Contact Conundrum

When we adopted our children we agreed to a contact plan which involved writing a letter twice per year to their birth parents to give them an update on how they are and what they are doing.

We had a scheduled contact recently, it wasn’t our first one, but it was the first time that we procrastinated on it.

This wasn’t necessarily because we didn’t want to write it, it was because we had no idea what to write. We had no significant news to share and not a lot had changed. We also knew that regardless of what we wrote we were unlikely to get a response despite at least one birth parent also having signed up to the agreement.

We had been given a crib sheet from social services to give us an idea of what to write, but it was pretty much a list of stuff which we said last time which hadn’t really changed. We aren’t obligated to write these contact letters, but in the interests of our children for when they get older and want to know where they came from we are doing so.

So, we wrote a letter.

Those of you who aren’t adopters, ask yourself this question, what do you tell someone about a child that was once theirs and biologically always will be, a child that they can never see again? How do you tell them that they are thriving in the environment they are in, growing at a stupidly fast rate, developing every day, away from them?

It’s honestly heartbreaking. If I put myself in their shoes, I don’t know how I would react to this kind of letter.

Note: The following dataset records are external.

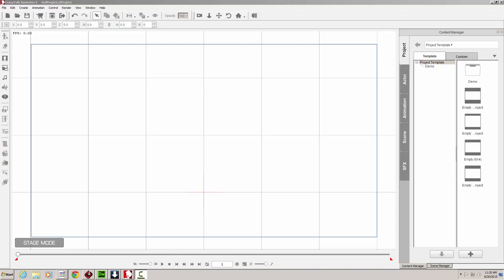So let's begin with Crazy Talk Animator 2 already opened. Make sure you can see the Content Manager. And in the Content Manager, navigate your way to the Actors tab.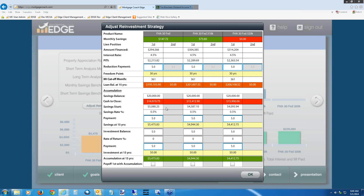The rate of return we entered in the affordability section is shown, and savings in 15 years continues to grow — not by much at this low rate, but it does grow. To level this out and assume the same cash flow between all three options, plug in the monthly difference figure. In the payment line for FHA 30 Fixed, type 147.72 — you can see that increases savings pretty dramatically at the 15-year point. For FHA 30 Fixed 310K, the difference is only 73.85 per month — type in 73.85.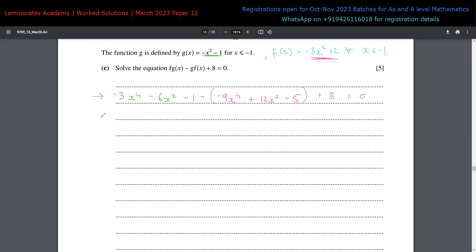Simplifying: the x⁴ terms give -3x⁴ + 9x⁴ = 6x⁴; the x² terms give -6x² - 12x² = -18x²; the constants give -1 + 5 + 8 = 12. So we have 6x⁴ - 18x² + 12 = 0. This is a hidden quadratic in x². Using the quadratic formula with a = 6, b = -18, c = 12 gives x² = 1 or x² = 2.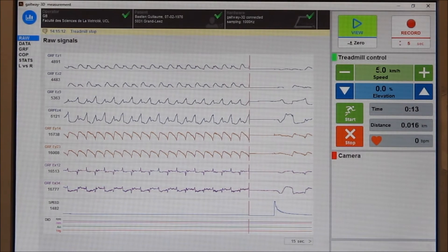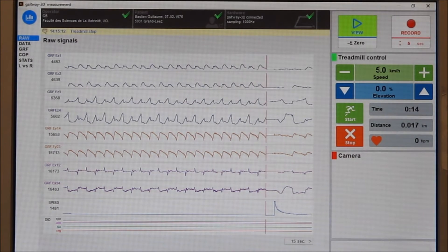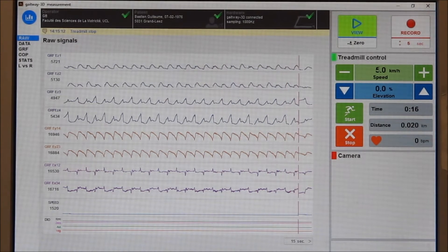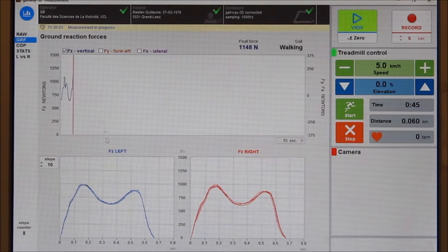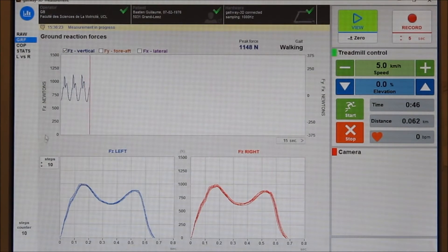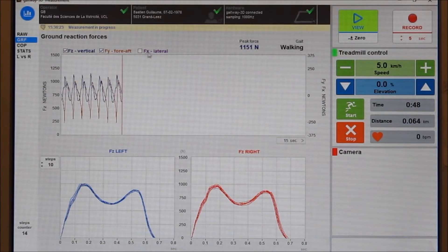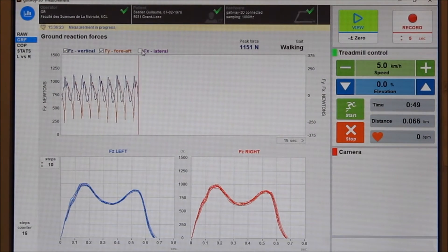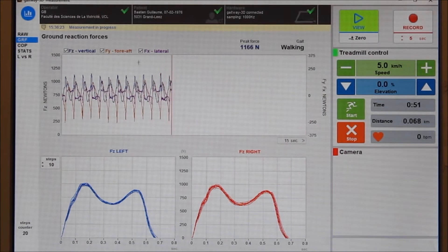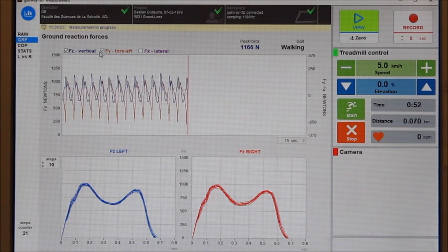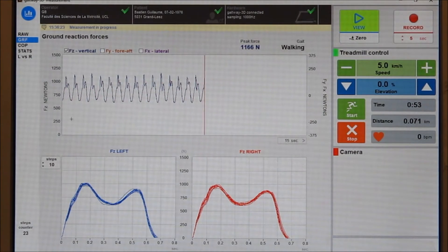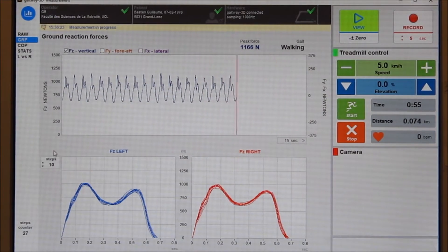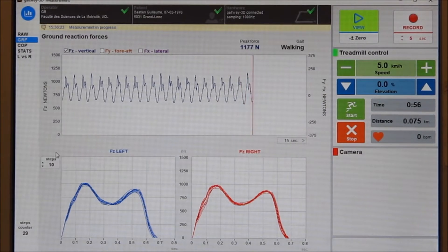The data monitoring can be started and stopped at any time via the view function. The second panel shows the ground reaction forces. The Gateway 3D measures the ground reaction forces in all three directions: vertical, horizontal, and lateral.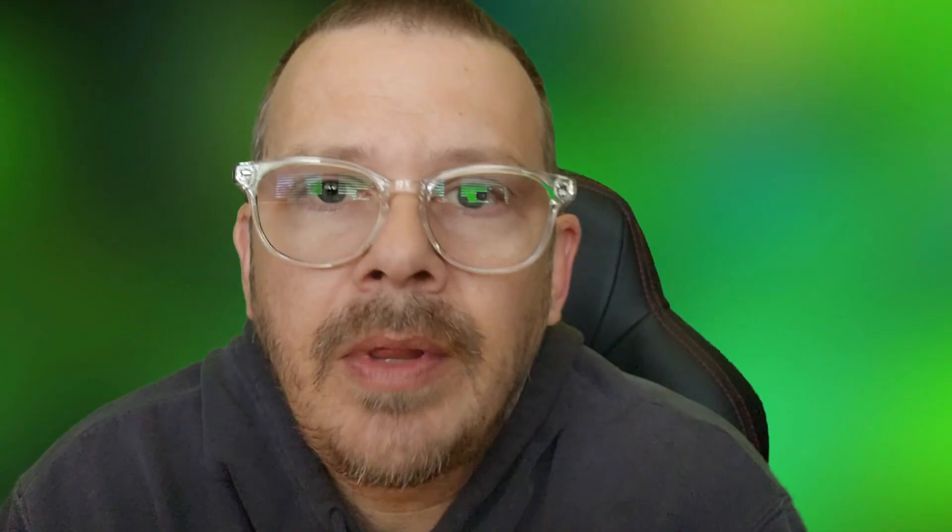Sometimes when it removes an uh or an um or one of these filler words, there might be just a slight jumpiness or a chop where the edit could have been made in a little bit better place. It's just taking out the uh or the um and it's doing a really good job of finding it and getting rid of it. But sometimes a human touch is needed to make it that much better. So let's take a look at how we can do that.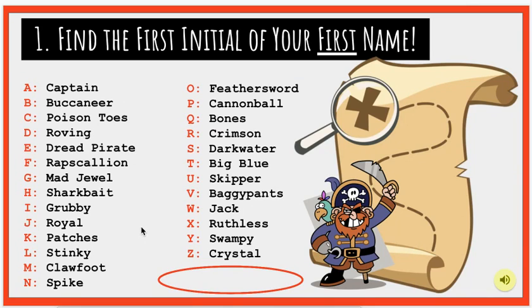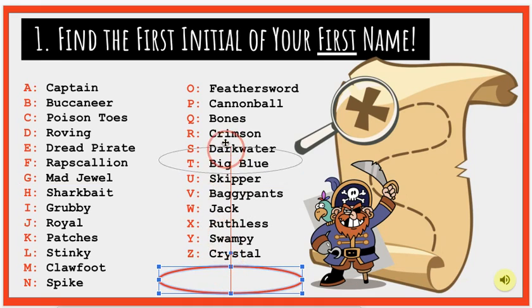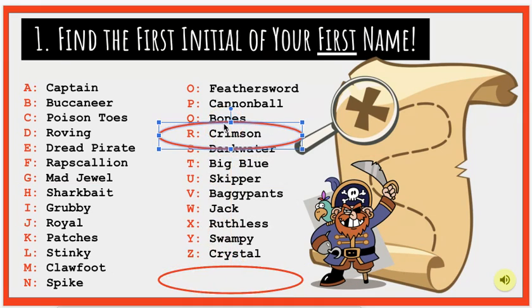Or, if your first name starts with the letter L, then your new first name would be Stinky. Hmm, sorry about that. My first name is Ronnie, which starts with the letter R, so my first name as a pirate would be Crimson, which is a deep red color.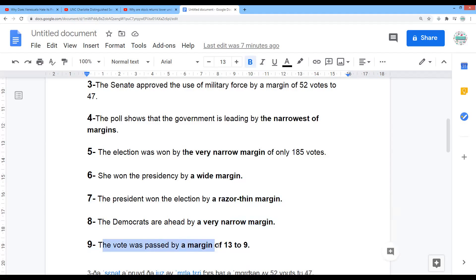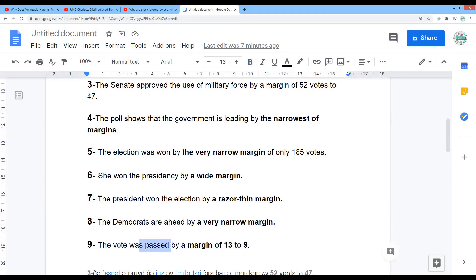However, the vote was passed by a margin of 13 to 9. The vote was passed — so it's used with the passive form. So when you use pass by, if you are using it for something, maybe we should say the law was passed by a margin of blah blah. I didn't know it was used in a passive form. I know it can be used in an active form. But what I mean is: not 'the vote passed by,' but 'the vote was passed by' — was passed is the passive form of the verb. Passed by a margin of 13 to 9.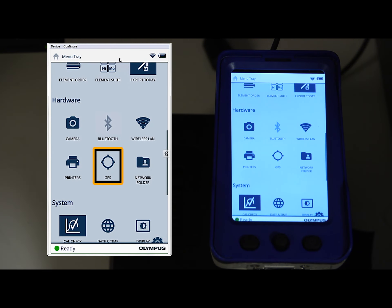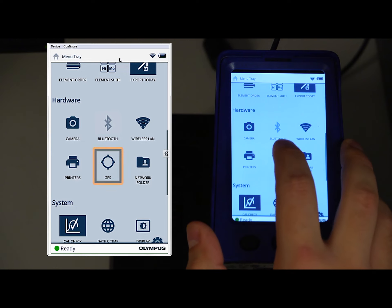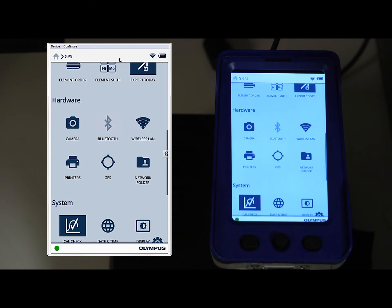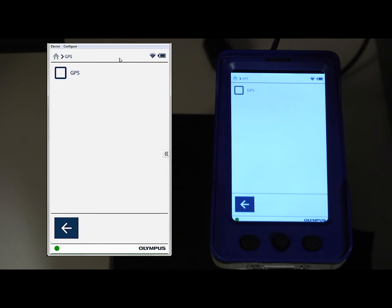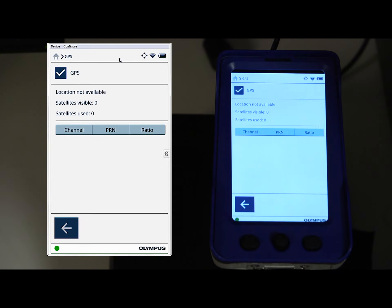Once you're here, you'll see the GPS icon, which is the open circle. Select that icon, and then check the GPS box. This will turn on the GPS.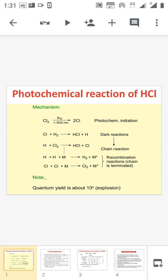Good afternoon everybody. Today we are discussing the next topic of photochemistry, that is the photochemical formation of HCl. Yesterday we discussed that every photochemical reaction consists of a primary and a secondary process. The primary process takes place in the presence of radiation, and the secondary process may be a dark reaction or thermal reaction.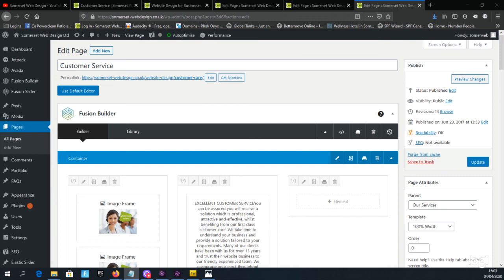Or use the revision option in the publish box in the top right of the screen to return to an earlier version of the page. Subscribe now below to view more videos. All the best from Jamie at Somerset Web Design.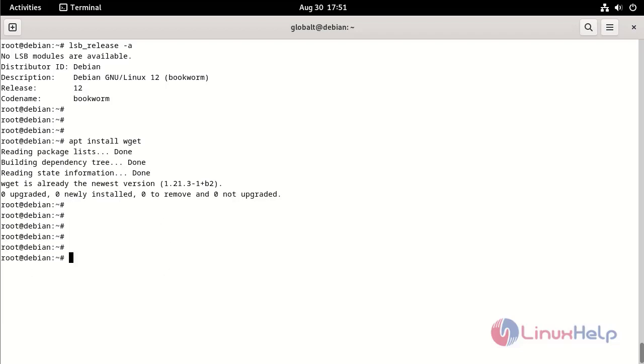Download the MinIO file by using the following command.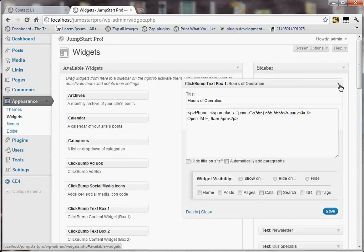So I can just expand that, and you can see below the normal widget container, you have this extra little panel here that says Widget Visibility. Currently it doesn't have any settings, which is the default, which means the widget shows just as it normally would on every page of the site.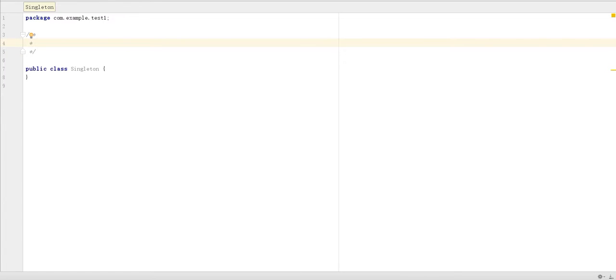Hello everyone. Let's discuss about singleton class.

We stayed away from anything that might cause emotional distress. We kept it matter of fact without sounding cold. We said how tall they were, how big their feet were, what their favourite things were. Keeping it fairly light-hearted, and also telling them that things don’t always go smoothly, especially with the Terrible Twos coming forth.

Was this the right approach? I don’t know. We asked a simple single question in the letter in the hope that we might get a response. If that response ever comes it will be a very odd experience to read I’m sure. Half of me hopes they respond, the other half hopes that it never comes.